*** Opening of Given data ***
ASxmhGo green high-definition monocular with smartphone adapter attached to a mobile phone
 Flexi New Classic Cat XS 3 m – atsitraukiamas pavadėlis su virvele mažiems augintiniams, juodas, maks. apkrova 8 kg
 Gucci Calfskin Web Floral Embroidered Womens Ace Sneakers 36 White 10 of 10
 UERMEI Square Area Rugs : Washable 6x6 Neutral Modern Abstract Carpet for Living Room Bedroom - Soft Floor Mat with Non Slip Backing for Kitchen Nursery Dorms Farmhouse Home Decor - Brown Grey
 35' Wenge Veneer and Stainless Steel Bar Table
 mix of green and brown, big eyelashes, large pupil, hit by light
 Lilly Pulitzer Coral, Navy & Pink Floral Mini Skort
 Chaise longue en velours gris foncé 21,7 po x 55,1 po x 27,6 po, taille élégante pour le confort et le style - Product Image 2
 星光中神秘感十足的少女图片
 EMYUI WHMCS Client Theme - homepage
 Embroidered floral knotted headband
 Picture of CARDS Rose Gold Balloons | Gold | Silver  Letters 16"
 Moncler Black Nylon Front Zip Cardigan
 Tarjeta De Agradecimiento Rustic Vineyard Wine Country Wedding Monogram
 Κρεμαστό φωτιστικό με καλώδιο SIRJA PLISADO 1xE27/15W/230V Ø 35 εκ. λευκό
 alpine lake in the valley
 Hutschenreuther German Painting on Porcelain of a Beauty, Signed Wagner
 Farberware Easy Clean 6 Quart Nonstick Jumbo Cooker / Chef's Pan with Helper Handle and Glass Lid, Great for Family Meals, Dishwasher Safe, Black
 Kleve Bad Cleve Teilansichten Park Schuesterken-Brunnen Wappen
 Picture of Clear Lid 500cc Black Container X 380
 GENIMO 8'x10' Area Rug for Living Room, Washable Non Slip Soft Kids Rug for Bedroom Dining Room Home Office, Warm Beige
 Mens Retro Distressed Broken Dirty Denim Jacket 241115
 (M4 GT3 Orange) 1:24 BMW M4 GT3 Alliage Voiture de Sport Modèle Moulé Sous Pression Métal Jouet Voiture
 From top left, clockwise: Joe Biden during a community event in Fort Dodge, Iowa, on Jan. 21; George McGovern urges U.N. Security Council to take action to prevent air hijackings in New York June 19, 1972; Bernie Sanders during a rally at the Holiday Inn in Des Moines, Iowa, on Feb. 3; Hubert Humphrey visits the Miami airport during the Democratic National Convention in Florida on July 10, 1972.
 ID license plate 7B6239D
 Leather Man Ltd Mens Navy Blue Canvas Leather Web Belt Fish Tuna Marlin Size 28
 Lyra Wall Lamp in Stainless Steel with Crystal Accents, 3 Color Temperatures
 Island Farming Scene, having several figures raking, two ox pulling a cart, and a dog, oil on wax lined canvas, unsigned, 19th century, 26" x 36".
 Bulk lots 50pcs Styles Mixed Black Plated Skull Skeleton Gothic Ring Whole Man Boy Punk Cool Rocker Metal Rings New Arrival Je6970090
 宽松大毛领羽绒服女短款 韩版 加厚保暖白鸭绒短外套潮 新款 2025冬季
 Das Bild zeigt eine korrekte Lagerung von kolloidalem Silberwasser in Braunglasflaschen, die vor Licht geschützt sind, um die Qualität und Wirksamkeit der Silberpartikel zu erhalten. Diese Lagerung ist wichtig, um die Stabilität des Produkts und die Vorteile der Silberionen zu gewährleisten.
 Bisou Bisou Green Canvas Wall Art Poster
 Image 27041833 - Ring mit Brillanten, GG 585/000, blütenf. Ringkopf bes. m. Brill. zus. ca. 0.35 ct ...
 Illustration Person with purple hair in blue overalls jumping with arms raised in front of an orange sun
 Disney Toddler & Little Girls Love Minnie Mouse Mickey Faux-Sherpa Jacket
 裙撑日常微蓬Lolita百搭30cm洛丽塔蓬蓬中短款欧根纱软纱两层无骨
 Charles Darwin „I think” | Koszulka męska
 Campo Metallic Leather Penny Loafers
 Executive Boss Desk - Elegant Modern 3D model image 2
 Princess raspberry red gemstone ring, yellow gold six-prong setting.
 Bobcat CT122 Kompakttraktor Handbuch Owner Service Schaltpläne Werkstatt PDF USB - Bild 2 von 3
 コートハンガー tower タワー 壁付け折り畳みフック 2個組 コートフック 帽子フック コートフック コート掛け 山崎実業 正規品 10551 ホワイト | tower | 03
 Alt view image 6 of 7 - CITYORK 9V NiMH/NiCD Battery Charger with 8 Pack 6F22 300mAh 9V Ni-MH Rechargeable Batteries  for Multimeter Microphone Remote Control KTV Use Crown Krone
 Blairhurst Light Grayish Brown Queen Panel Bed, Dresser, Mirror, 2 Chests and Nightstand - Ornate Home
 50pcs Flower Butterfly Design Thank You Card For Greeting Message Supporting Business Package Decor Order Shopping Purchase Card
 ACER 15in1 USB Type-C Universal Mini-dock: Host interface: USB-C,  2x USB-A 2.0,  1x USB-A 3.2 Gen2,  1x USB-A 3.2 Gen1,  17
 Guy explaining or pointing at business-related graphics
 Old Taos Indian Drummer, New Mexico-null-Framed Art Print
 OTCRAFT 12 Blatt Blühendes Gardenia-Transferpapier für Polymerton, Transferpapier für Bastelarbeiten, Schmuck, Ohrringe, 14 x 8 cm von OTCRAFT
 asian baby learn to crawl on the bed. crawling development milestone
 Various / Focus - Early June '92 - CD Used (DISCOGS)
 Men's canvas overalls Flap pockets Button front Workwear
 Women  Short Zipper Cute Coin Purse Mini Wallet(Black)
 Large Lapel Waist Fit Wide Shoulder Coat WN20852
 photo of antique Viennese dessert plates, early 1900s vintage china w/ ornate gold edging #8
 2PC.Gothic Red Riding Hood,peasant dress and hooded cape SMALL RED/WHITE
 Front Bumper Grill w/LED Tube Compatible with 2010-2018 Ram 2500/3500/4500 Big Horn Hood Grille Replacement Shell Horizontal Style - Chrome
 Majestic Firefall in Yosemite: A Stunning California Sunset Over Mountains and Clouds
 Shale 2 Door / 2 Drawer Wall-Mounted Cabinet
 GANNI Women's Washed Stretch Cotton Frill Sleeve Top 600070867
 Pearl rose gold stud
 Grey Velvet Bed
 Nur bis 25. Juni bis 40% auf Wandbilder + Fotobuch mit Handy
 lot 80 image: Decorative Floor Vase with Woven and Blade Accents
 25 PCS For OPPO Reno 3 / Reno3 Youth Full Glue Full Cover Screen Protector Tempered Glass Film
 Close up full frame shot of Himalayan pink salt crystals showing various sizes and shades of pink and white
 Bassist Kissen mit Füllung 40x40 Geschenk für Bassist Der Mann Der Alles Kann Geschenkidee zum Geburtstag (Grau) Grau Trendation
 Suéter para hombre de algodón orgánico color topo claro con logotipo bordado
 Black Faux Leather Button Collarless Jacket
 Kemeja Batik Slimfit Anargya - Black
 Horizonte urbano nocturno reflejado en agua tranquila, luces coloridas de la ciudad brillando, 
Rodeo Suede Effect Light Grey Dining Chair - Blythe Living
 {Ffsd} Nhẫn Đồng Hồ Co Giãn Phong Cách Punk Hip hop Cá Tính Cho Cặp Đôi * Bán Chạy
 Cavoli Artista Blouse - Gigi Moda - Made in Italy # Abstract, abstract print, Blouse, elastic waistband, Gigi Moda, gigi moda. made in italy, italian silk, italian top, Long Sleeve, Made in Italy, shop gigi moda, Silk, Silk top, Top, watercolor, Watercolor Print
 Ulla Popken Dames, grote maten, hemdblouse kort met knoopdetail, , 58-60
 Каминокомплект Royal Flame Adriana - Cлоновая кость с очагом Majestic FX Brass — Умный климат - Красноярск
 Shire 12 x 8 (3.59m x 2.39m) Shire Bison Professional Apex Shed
*** Close of Given data ***
#### Problem to work on
The full listing must be retyped exactly as it stands.

#### Result for this exercise
ASxmhGo green high-definition monocular with smartphone adapter attached to a mobile phone
 Flexi New Classic Cat XS 3 m – atsitraukiamas pavadėlis su virvele mažiems augintiniams, juodas, maks. apkrova 8 kg
 Gucci Calfskin Web Floral Embroidered Womens Ace Sneakers 36 White 10 of 10
 UERMEI Square Area Rugs : Washable 6x6 Neutral Modern Abstract Carpet for Living Room Bedroom - Soft Floor Mat with Non Slip Backing for Kitchen Nursery Dorms Farmhouse Home Decor - Brown Grey
 35' Wenge Veneer and Stainless Steel Bar Table
 mix of green and brown, big eyelashes, large pupil, hit by light
 Lilly Pulitzer Coral, Navy & Pink Floral Mini Skort
 Chaise longue en velours gris foncé 21,7 po x 55,1 po x 27,6 po, taille élégante pour le confort et le style - Product Image 2
 星光中神秘感十足的少女图片
 EMYUI WHMCS Client Theme - homepage
 Embroidered floral knotted headband
 Picture of CARDS Rose Gold Balloons | Gold | Silver  Letters 16"
 Moncler Black Nylon Front Zip Cardigan
 Tarjeta De Agradecimiento Rustic Vineyard Wine Country Wedding Monogram
 Κρεμαστό φωτιστικό με καλώδιο SIRJA PLISADO 1xE27/15W/230V Ø 35 εκ. λευκό
 alpine lake in the valley
 Hutschenreuther German Painting on Porcelain of a Beauty, Signed Wagner
 Farberware Easy Clean 6 Quart Nonstick Jumbo Cooker / Chef's Pan with Helper Handle and Glass Lid, Great for Family Meals, Dishwasher Safe, Black
 Kleve Bad Cleve Teilansichten Park Schuesterken-Brunnen Wappen
 Picture of Clear Lid 500cc Black Container X 380
 GENIMO 8'x10' Area Rug for Living Room, Washable Non Slip Soft Kids Rug for Bedroom Dining Room Home Office, Warm Beige
 Mens Retro Distressed Broken Dirty Denim Jacket 241115
 (M4 GT3 Orange) 1:24 BMW M4 GT3 Alliage Voiture de Sport Modèle Moulé Sous Pression Métal Jouet Voiture
 From top left, clockwise: Joe Biden during a community event in Fort Dodge, Iowa, on Jan. 21; George McGovern urges U.N. Security Council to take action to prevent air hijackings in New York June 19, 1972; Bernie Sanders during a rally at the Holiday Inn in Des Moines, Iowa, on Feb. 3; Hubert Humphrey visits the Miami airport during the Democratic National Convention in Florida on July 10, 1972.
 ID license plate 7B6239D
 Leather Man Ltd Mens Navy Blue Canvas Leather Web Belt Fish Tuna Marlin Size 28
 Lyra Wall Lamp in Stainless Steel with Crystal Accents, 3 Color Temperatures
 Island Farming Scene, having several figures raking, two ox pulling a cart, and a dog, oil on wax lined canvas, unsigned, 19th century, 26" x 36".
 Bulk lots 50pcs Styles Mixed Black Plated Skull Skeleton Gothic Ring Whole Man Boy Punk Cool Rocker Metal Rings New Arrival Je6970090
 宽松大毛领羽绒服女短款 韩版 加厚保暖白鸭绒短外套潮 新款 2025冬季
 Das Bild zeigt eine korrekte Lagerung von kolloidalem Silberwasser in Braunglasflaschen, die vor Licht geschützt sind, um die Qualität und Wirksamkeit der Silberpartikel zu erhalten. Diese Lagerung ist wichtig, um die Stabilität des Produkts und die Vorteile der Silberionen zu gewährleisten.
 Bisou Bisou Green Canvas Wall Art Poster
 Image 27041833 - Ring mit Brillanten, GG 585/000, blütenf. Ringkopf bes. m. Brill. zus. ca. 0.35 ct ...
 Illustration Person with purple hair in blue overalls jumping with arms raised in front of an orange sun
 Disney Toddler & Little Girls Love Minnie Mouse Mickey Faux-Sherpa Jacket
 裙撑日常微蓬Lolita百搭30cm洛丽塔蓬蓬中短款欧根纱软纱两层无骨
 Charles Darwin „I think” | Koszulka męska
 Campo Metallic Leather Penny Loafers
 Executive Boss Desk - Elegant Modern 3D model image 2
 Princess raspberry red gemstone ring, yellow gold six-prong setting.
 Bobcat CT122 Kompakttraktor Handbuch Owner Service Schaltpläne Werkstatt PDF USB - Bild 2 von 3
 コートハンガー tower タワー 壁付け折り畳みフック 2個組 コートフック 帽子フック コートフック コート掛け 山崎実業 正規品 10551 ホワイト | tower | 03
 Alt view image 6 of 7 - CITYORK 9V NiMH/NiCD Battery Charger with 8 Pack 6F22 300mAh 9V Ni-MH Rechargeable Batteries  for Multimeter Microphone Remote Control KTV Use Crown Krone
 Blairhurst Light Grayish Brown Queen Panel Bed, Dresser, Mirror, 2 Chests and Nightstand - Ornate Home
 50pcs Flower Butterfly Design Thank You Card For Greeting Message Supporting Business Package Decor Order Shopping Purchase Card
 ACER 15in1 USB Type-C Universal Mini-dock: Host interface: USB-C,  2x USB-A 2.0,  1x USB-A 3.2 Gen2,  1x USB-A 3.2 Gen1,  17
 Guy explaining or pointing at business-related graphics
 Old Taos Indian Drummer, New Mexico-null-Framed Art Print
 OTCRAFT 12 Blatt Blühendes Gardenia-Transferpapier für Polymerton, Transferpapier für Bastelarbeiten, Schmuck, Ohrringe, 14 x 8 cm von OTCRAFT
 asian baby learn to crawl on the bed. crawling development milestone
 Various / Focus - Early June '92 - CD Used (DISCOGS)
 Men's canvas overalls Flap pockets Button front Workwear
 Women  Short Zipper Cute Coin Purse Mini Wallet(Black)
 Large Lapel Waist Fit Wide Shoulder Coat WN20852
 photo of antique Viennese dessert plates, early 1900s vintage china w/ ornate gold edging #8
 2PC.Gothic Red Riding Hood,peasant dress and hooded cape SMALL RED/WHITE
 Front Bumper Grill w/LED Tube Compatible with 2010-2018 Ram 2500/3500/4500 Big Horn Hood Grille Replacement Shell Horizontal Style - Chrome
 Majestic Firefall in Yosemite: A Stunning California Sunset Over Mountains and Clouds
 Shale 2 Door / 2 Drawer Wall-Mounted Cabinet
 GANNI Women's Washed Stretch Cotton Frill Sleeve Top 600070867
 Pearl rose gold stud
 Grey Velvet Bed
 Nur bis 25. Juni bis 40% auf Wandbilder + Fotobuch mit Handy
 lot 80 image: Decorative Floor Vase with Woven and Blade Accents
 25 PCS For OPPO Reno 3 / Reno3 Youth Full Glue Full Cover Screen Protector Tempered Glass Film
 Close up full frame shot of Himalayan pink salt crystals showing various sizes and shades of pink and white
 Bassist Kissen mit Füllung 40x40 Geschenk für Bassist Der Mann Der Alles Kann Geschenkidee zum Geburtstag (Grau) Grau Trendation
 Suéter para hombre de algodón orgánico color topo claro con logotipo bordado
 Black Faux Leather Button Collarless Jacket
 Kemeja Batik Slimfit Anargya - Black
 Horizonte urbano nocturno reflejado en agua tranquila, luces coloridas de la ciudad brillando, 
Rodeo Suede Effect Light Grey Dining Chair - Blythe Living
 {Ffsd} Nhẫn Đồng Hồ Co Giãn Phong Cách Punk Hip hop Cá Tính Cho Cặp Đôi * Bán Chạy
 Cavoli Artista Blouse - Gigi Moda - Made in Italy # Abstract, abstract print, Blouse, elastic waistband, Gigi Moda, gigi moda. made in italy, italian silk, italian top, Long Sleeve, Made in Italy, shop gigi moda, Silk, Silk top, Top, watercolor, Watercolor Print
 Ulla Popken Dames, grote maten, hemdblouse kort met knoopdetail, , 58-60
 Каминокомплект Royal Flame Adriana - Cлоновая кость с очагом Majestic FX Brass — Умный климат - Красноярск
 Shire 12 x 8 (3.59m x 2.39m) Shire Bison Professional Apex Shed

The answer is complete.